Len Wiseman's film, despite a bundle of original touches in its basic concept and plotting, stubbornly refuses to be anything but derivative in its filmmaking. I must ask: Isn't there anyway to shoot battle scenes these days without using the ice blue filter? I don't think I've seen any other color employed since Batman Returns and Terminator 2 premiered in all their blue-tinged glory a decade ago. And it's not just the color schemes. The battle sequences have no real drama in them. The editing and blocking fail to grip the audience or lead to coherent action sequences (though, to be fair, there is at least one notable standout sequence which involves a fresh werewolf bite and a car chase with a lycan on foot behind the automobile). Even in conception, the action seems poorly thought out. The mundane and fetishized use of firearms (i.e. boring old guns) in a film with vampires and werewolves struck me as unintentional self-sabotage. Vampires and werewolves are, after all, deadly without firearms and in significantly more interesting ways.

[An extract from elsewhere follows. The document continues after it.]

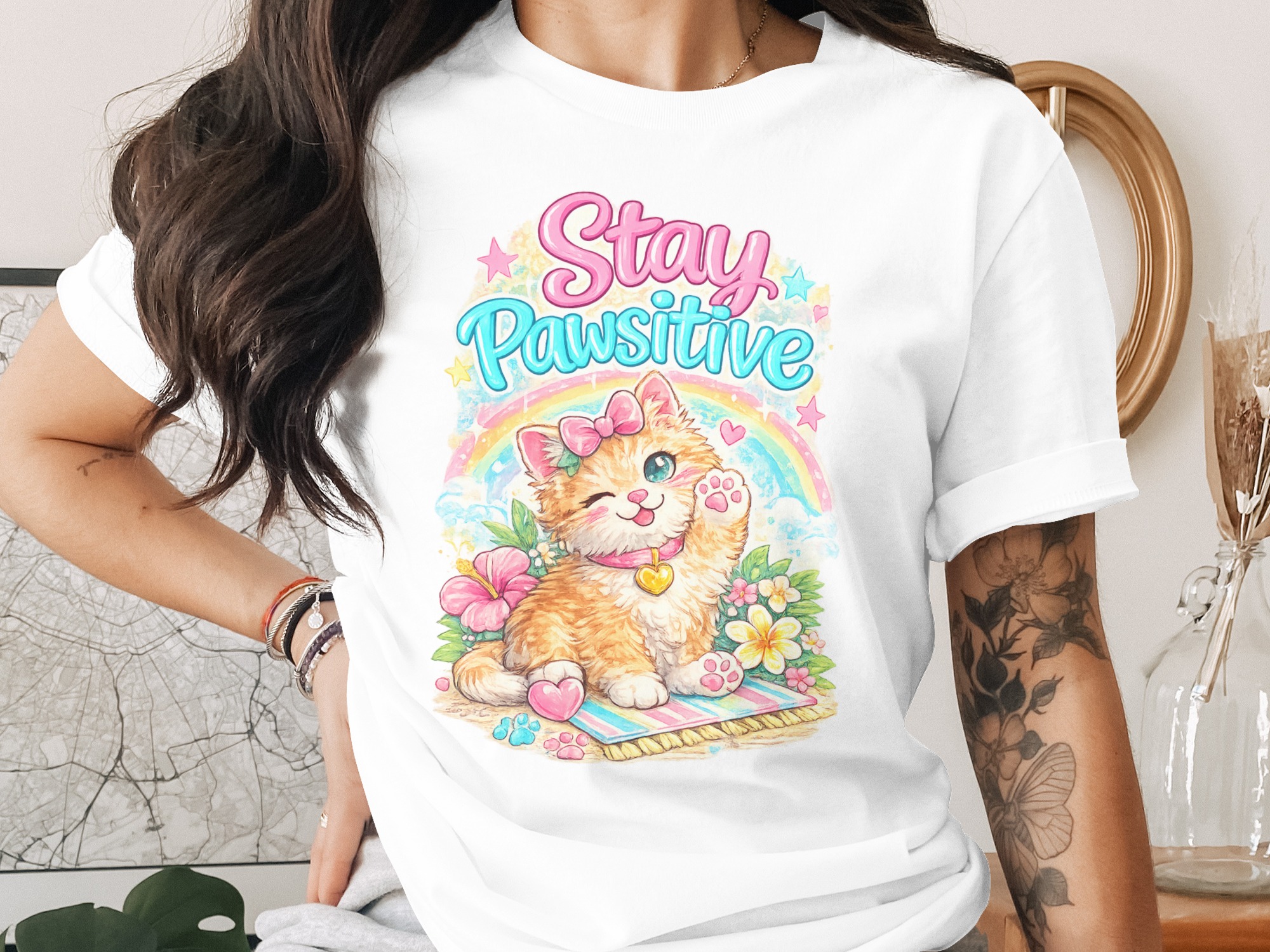 Stay Pawsitive Cute Cat Digital Download, Kawaii Kitten PNG, Cheerful Pet Lover Design, Positive Vibes Rainbow Art for Sublimation, Cat Mom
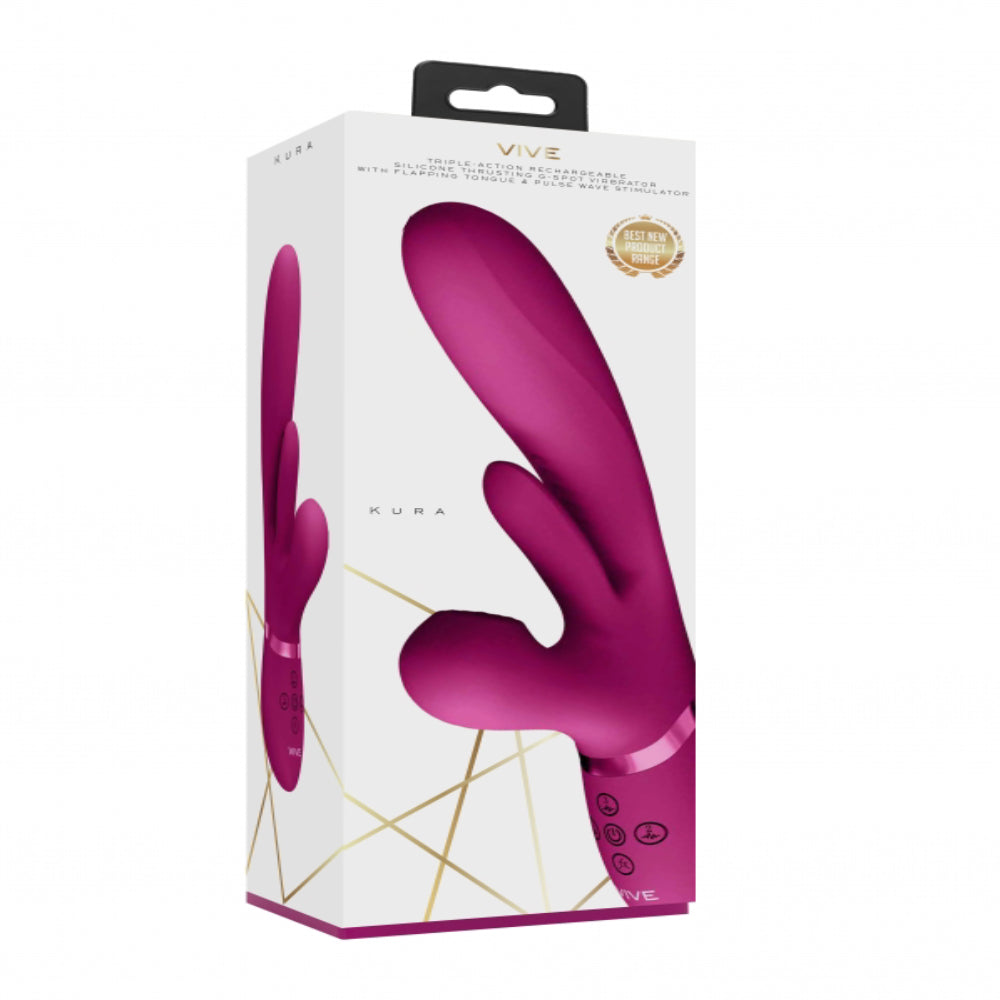 Kura - Thrusting G-Spot Vibrator with Flapping Tongue - - Rabbit Vibrators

Underworld is competently made and its assembled team is hardly lacking in talent. But the inspiration well appears to have run dry. This vampiric/lycan war offers nothing of interest in its cinematography (Oscar nominee Tony Pierce-Roberts), production design, or costuming (multiple Genie nominee Wendy Partridge). Since the premiere of The Matrix, Kym Barrett's costume design has been shamefully plucked on every "cool film" made after it. The X-Men films are only the most high-profile recent example. There is now apparently an invisible edict. All films and characters that want to be cool must use black vinyl or some variation thereof. It's as Ms. Barrett were a vampire herself. Her sleek and dark designs have sucked all the creativity out of every other costume designer who dares a genre film. The same thing happened with production designers after Bladerunner. Greatness nearly always provokes imitation. That's understandable. But after a certain number of years pass, artists should attempt to move on from these trusty but overused templates.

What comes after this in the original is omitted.